M. de Hallay, après une indécision de courte durée, obéit à l’invitation du Batteur d’Estrade ; il promena d’abord sa main légèrement et avec distraction sur la surface inégale et grenue de la poussière métallique. Peu à peu ses doigts, comme s’ils voulaient tirer des accords d’un clavier, s’agitèrent et firent bruire l’or ; alors, subitement emporté par une irrésistible attraction, il plongea son bras jusqu’au coude au fond du coffre, et se mit à remuer l’or avec une machinale frénésie.

Bientôt il devint d’une pâleur de mort et son corps prit une rigidité de marbre ; ses yeux, d’une mobilité inquiète et irrégulière, prouvaient seuls que la vie, loin de l’abandonner, au contraire, avait acquis en lui une activité extraordinaire ; les pulsations de son pouls et les battements de son cœur se succédaient avec une rapidité inouïe : il était sur le seuil de la folie.

Tout à coup un tremblement nerveux, trop bien motivé par cette surexcitation terrible, agita ses bras puissants et souleva sa large poitrine ; alors il se tourna lentement vers Joaquin, qu’il regarda comme s’il ne s’expliquait pas sa présence en ce lieu.

La respiration du jeune homme était si oppressée qu’elle produisait une espèce de sifflement alternativement rauque et strident.

Le Batteur d’Estrade, qui n’avait pas cessé de suivre d’un œil attentif et observateur les diverses phases par lesquelles M. de Hallay achevait de passer, jugea sans doute qu’il était temps de mettre un terme à cette expérience, car le saisissant par l’épaule il le secoua avec rudesse. À ce contact brutal, le jeune homme frissonna, et une vive rougeur brûla ses joues.


— À quoi cela vous mènerait-il de m’assassiner ? lui demanda froidement Joaquin Dick.
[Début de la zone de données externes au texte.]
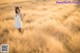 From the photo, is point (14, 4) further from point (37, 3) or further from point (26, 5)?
point (37, 3)

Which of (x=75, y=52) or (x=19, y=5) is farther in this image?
(x=19, y=5)

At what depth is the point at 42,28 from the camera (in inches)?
69.5

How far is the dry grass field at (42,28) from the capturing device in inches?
67.2

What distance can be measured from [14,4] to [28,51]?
59 cm

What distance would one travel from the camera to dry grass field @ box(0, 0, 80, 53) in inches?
67.2

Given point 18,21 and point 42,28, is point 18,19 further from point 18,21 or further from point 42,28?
point 42,28

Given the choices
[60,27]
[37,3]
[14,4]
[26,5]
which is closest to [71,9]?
[60,27]

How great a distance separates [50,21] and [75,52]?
0.45m

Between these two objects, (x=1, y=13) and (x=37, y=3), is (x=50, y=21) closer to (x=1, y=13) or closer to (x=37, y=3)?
(x=37, y=3)

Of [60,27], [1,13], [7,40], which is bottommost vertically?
[7,40]

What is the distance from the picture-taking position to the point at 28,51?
170 cm

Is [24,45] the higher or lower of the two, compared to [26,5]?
lower

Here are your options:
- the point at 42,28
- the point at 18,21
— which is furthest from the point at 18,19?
the point at 42,28

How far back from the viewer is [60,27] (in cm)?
176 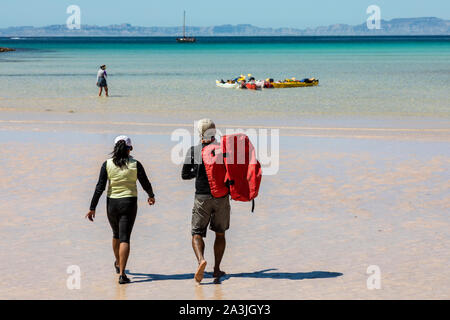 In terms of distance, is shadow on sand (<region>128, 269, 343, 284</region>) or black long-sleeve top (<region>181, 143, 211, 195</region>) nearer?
black long-sleeve top (<region>181, 143, 211, 195</region>)

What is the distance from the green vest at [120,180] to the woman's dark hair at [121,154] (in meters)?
Answer: 0.04

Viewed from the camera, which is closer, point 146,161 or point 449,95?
point 146,161

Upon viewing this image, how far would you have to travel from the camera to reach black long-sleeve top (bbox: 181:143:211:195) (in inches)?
300

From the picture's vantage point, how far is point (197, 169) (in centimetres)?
762

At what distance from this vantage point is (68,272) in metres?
8.04

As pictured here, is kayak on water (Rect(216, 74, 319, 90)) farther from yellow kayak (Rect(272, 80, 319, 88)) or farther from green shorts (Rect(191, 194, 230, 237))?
green shorts (Rect(191, 194, 230, 237))

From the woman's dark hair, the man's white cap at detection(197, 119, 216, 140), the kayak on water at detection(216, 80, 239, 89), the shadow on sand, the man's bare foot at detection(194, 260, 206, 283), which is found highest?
the man's white cap at detection(197, 119, 216, 140)

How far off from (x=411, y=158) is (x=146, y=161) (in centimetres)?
580

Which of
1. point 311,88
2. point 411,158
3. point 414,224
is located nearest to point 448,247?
point 414,224

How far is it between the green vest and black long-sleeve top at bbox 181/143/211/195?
0.55 meters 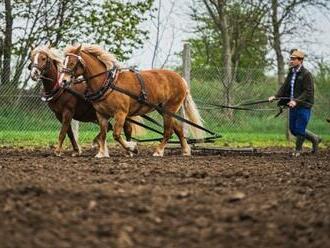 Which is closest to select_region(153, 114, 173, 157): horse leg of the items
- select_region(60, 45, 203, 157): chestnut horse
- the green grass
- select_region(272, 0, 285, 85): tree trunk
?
select_region(60, 45, 203, 157): chestnut horse

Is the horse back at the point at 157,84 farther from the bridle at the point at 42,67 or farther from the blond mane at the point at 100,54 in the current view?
the bridle at the point at 42,67

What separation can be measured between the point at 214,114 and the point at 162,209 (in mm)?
13011

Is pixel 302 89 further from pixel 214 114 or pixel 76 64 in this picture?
pixel 214 114

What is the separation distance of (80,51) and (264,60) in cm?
1963

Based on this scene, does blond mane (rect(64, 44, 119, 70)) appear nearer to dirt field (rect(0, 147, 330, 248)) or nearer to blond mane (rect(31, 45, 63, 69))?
blond mane (rect(31, 45, 63, 69))

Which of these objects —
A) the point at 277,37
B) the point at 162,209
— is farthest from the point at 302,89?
the point at 277,37

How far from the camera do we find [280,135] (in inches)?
902

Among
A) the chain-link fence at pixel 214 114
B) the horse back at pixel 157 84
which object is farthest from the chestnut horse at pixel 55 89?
the chain-link fence at pixel 214 114

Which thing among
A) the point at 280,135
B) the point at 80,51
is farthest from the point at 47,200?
the point at 280,135

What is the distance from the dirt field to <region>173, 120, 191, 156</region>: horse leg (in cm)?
479

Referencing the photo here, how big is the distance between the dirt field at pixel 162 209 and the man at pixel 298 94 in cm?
520

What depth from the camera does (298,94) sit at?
44.5ft

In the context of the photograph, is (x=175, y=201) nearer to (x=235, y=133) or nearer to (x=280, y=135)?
(x=235, y=133)

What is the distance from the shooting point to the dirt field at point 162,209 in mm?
4613
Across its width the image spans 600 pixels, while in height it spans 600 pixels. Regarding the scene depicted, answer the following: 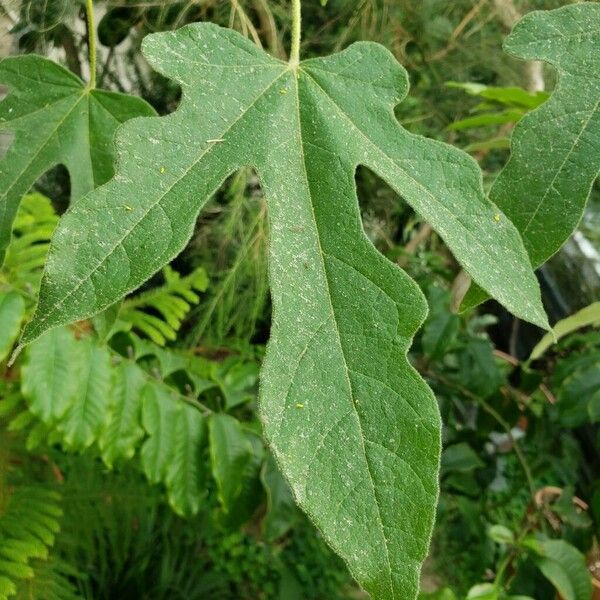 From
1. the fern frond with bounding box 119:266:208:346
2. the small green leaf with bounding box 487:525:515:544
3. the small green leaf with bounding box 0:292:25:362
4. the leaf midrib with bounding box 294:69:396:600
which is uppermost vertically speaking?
the leaf midrib with bounding box 294:69:396:600

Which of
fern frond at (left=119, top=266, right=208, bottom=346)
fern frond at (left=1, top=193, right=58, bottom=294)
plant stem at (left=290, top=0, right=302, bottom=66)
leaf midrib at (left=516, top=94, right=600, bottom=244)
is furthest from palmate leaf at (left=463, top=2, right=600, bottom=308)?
fern frond at (left=119, top=266, right=208, bottom=346)

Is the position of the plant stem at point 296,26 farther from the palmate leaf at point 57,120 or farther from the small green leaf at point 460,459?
the small green leaf at point 460,459

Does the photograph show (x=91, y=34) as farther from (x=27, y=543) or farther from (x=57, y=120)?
(x=27, y=543)

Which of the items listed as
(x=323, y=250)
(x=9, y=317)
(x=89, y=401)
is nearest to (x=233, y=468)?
(x=89, y=401)

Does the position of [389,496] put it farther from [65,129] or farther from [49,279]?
→ [65,129]

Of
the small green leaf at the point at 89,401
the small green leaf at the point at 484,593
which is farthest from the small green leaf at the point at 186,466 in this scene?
the small green leaf at the point at 484,593

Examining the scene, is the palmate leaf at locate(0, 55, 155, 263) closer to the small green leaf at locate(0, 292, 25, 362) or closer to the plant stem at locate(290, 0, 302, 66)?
the plant stem at locate(290, 0, 302, 66)

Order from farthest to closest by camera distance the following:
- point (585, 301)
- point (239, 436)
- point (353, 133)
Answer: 1. point (585, 301)
2. point (239, 436)
3. point (353, 133)

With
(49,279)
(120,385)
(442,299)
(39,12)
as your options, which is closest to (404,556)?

Non-seulement vous seriez incapable d’emporter la dixième partie de cet or, mais vous ne sauriez pas même sortir du souterrain.

La voix du Batteur d’Estrade produisit sur M. de Hallay l’effet de la douche glacée qui tombe sur le crâne de l’insensé et éteint le feu de son cerveau. Il parut se réveiller en sursaut et sortir d’un rêve.

— Vous assassiner ! señor, répéta-t-il sans trop se rendre compte des paroles qu’il prononçait, et comme s’il voulait gagner du temps pour reprendre son état normal.

— Parbleu, oui, m’assassiner ! Vous portiez déjà la main à votre poignard. Oh ! je ne songe nullement à vous faire, non pas un crime, mais même un reproche de cette intention. Je sais parfaitement bien que vous n’aviez pas la conscience de vos actions.

— Partons… éloignons-nous, señor, interrompit vivement M. de Hallay.

— Volontiers !

Joaquin Dick raviva la torche et se remit en route ; il n’avait pas fait vingt pas qu’il s’arrêta, et poussant une exclamation de surprise et de satisfaction :

— Monsieur de Hallay, dit-il en ramassant un petit sac de toile qui gisait à terre, voici un trésor que je ne m’attendais pas à trouver, et qui est mille fois plus précieux à lui seul que ces dix coffres remplis de poussière et dont la vue vous a causé une si singulière tentation.

— Quel trésor ?

Joaquin Dick ouvrit le sac, y glissa sa main et en retira une poignée de farine de maïs humide.

— Elle est un peu avariée, dit-il, mais les estomacs affamés ne sont point exigeants. J’ai dû plusieurs fois la vie à une nourriture bien inférieure à celle-ci.

— Mais sommes-nous donc exposés, señor, à mourir de faim ?

— Dame ! je l’ignore ! Tout ce que je sais, c’est que nous sommes poursuivis, que la saison est très-avancée, et que, de peur d’éveiller des soupçons, je suis parti ce matin sans emporter les moindres provisions de bouche. C’est réellement dommage, n’est-il pas vrai, monsieur, que l’on ne puisse pas manger de l’or ? sans cela nous aurions aisément rempli ici nos besaces. Le fruit que l’on cueille à l’arbre apaise la faim et calme la soif ; mais, hélas ! l’or que l’on ramasse dans le sable n’est utile à rien par lui-même.

Joaquin venait à peine de prononcer ces dernières paroles, lorsqu’il atteignit l’extrémité du souterrain. Une énorme pierre, qui se détacha comme par enchantement dès que le Batteur d’Estrade eut fait jouer le ressort qui la rendait mobile, donna issue aux deux hommes.

Le premier objet qu’ils aperçurent fut Gabilan. L’intelligent animal était exact au rendez-vous que lui avait assigné son maître.